Some days, I feel like I’m living in a nature show.

We’ve discovered a family of rabbits living under our bush, and keep seeing baby bunnies darting about.  Some squirrels apparently planted some acorns in our hibiscus plant, which caused small oak trees to sprout in my container box this spring.  And on Saturday, we found this:

Spring and Birthday 2007 120.jpg

Spring and Birthday 2007 121.jpg

The second picture is to give you some perspective (and no, that’s not some funky nailpolish I’m wearing–it’s pink paint from the baby’s room.  Yes, pink.  And how I feel about having a pink room is another post entirely.)

We found this tiny, beautiful, perfect nest inside our hanging plant on our porch.  I checked on it yesterday, and there has actually been a fourth egg added.  I will pause now for a collective, “Ahhh, how sweet!”

I haven’t seen the mother bird, though, and I keep wondering if we are going to have a version of “Are you my mother?” played out right on our front porch.  Aren’t they supposed to sit on their eggs, or protect them, or something like that?  I mean, I expect to be dive bombed from some angry mommy sparrow every time I go out the door, but alas, no such luck.

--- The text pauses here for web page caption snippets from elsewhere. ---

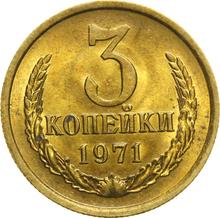 3 копейки 1971   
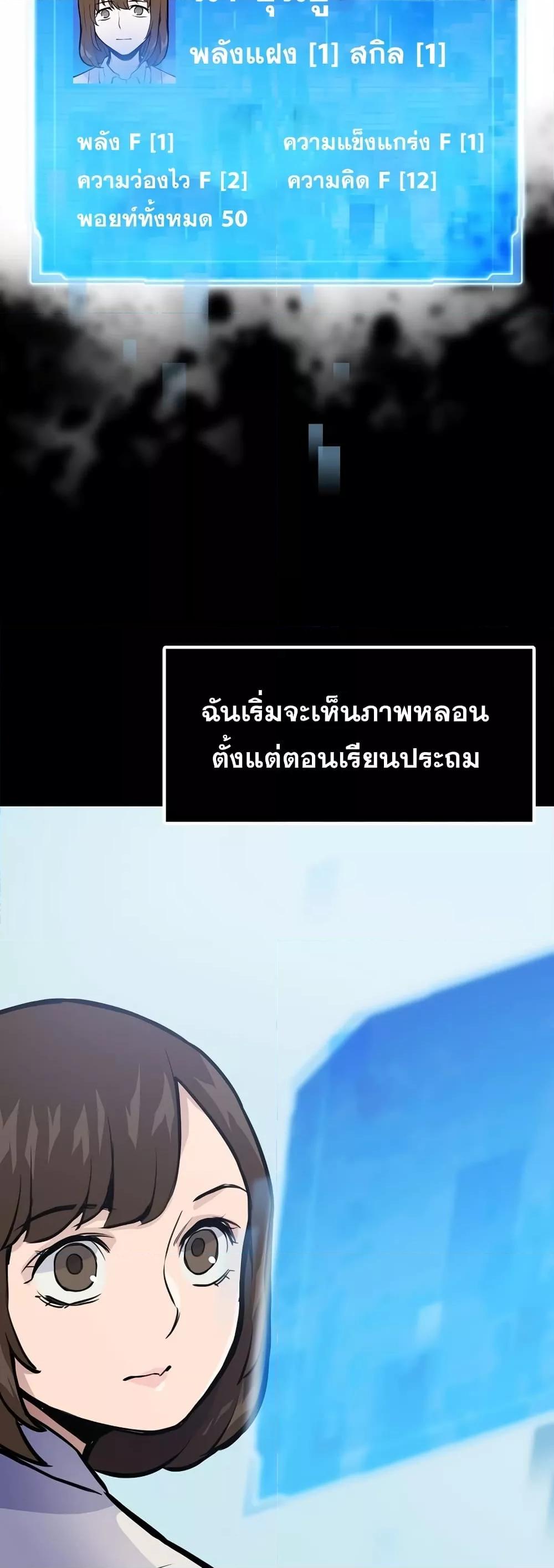 Past Life Returner ตอนที่ 21 แปลไทย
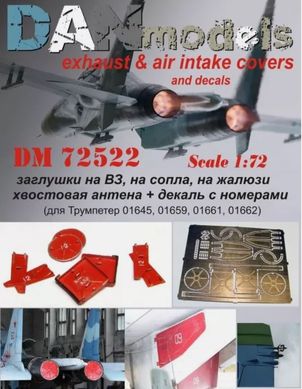 Photo-etched 1/72 Su-27: air intake caps, nozzles, louvers, tail antenna + decal with numbers (Trumpeter 01645,01659,01661,01662) DAN Models 72522, In stock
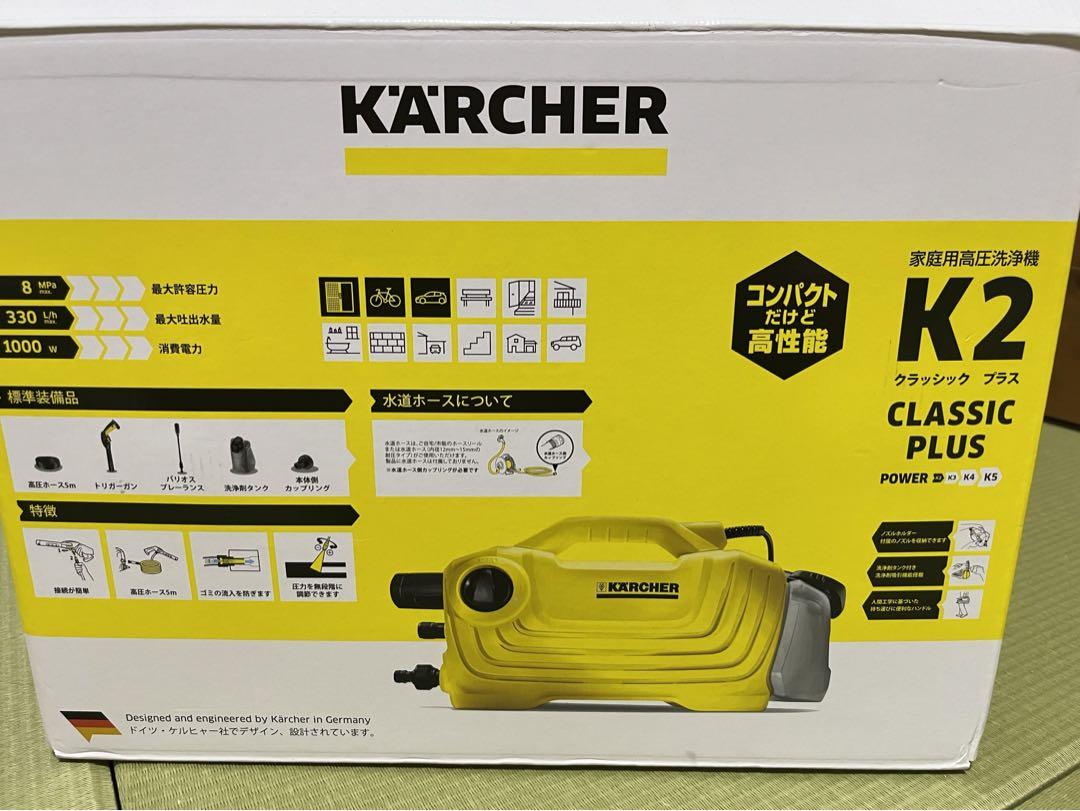 【新品同様】ケルヒャー 高圧洗浄機 K2クラシックプラス 1.600-977.0 K 2 クラシック プラス カーキット - 高圧洗浄機（家庭用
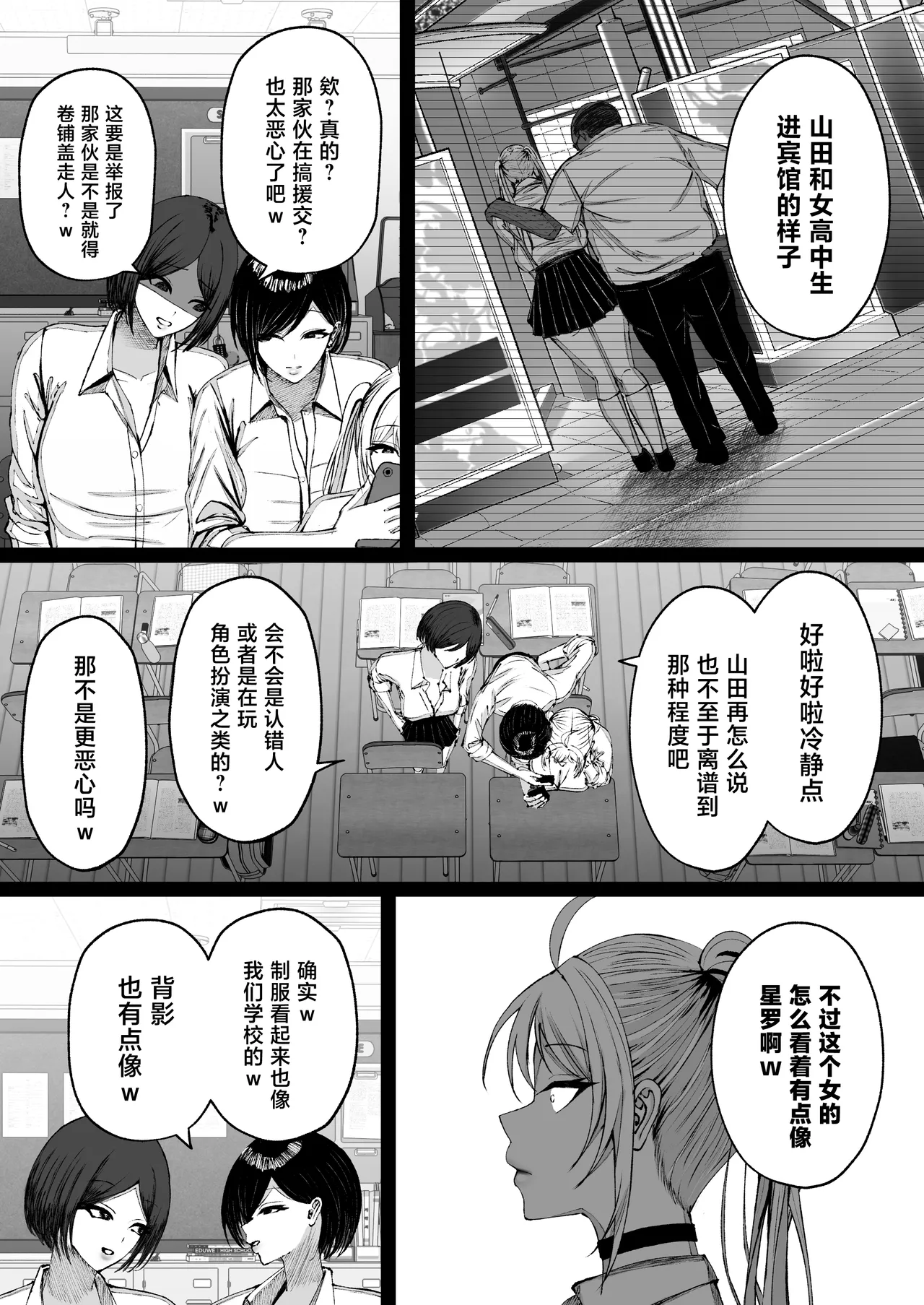 Gakuen Saimin ~Ore o Ijimeru Namaiki Bakunyuu Gal, Jitsu wa Ore no Seishori Pet na Ken w~ page 54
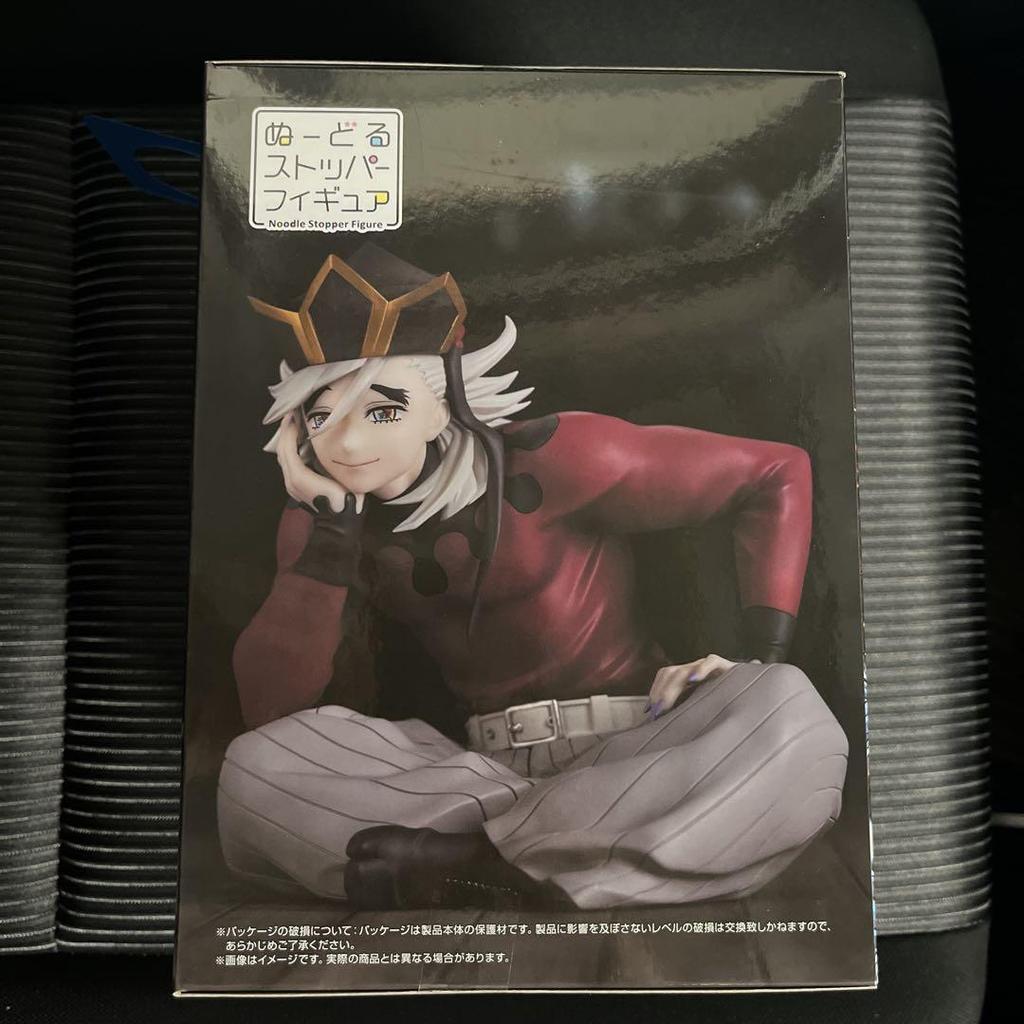 [BRUKT] Demon Slayer: Kimetsu no Yaiba Douma Figur (1 stk) med premieboks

So, since I don’t see a mother around, and I am bursting to the brim with hormonal motherly instinctual goodness, of course I feel sort of responsible for these little guys.  Or girls.  Or, um, whatever you call baby birds.  I wonder if they are warm enough.  If the rain will damage the nest.  If I watered the plant too vigorously before I realized there was a nest there.  And what happens if they can’t peck their way out of the shell?  Is there such a thing as C-sections for baby birds?

And I just can’t help but marvel at nature and the beauty of spring and the gift of life.  I know there is some profound analogy to be made about my pregnancy and the parallelism of the cycle of life, and um, something being renewed and, you know, like manifested in the perfectness of these eggs, but that kind of stuff is a little bit beyond my brain at the moment.  It’s a little bit occupied building some lungs, I think.  Feel free to draw your own analogy, though.

For right now, I’ll just smile and enjoy the nest while I ponder one important question…

Who do you think will pop first–me, or the eggs?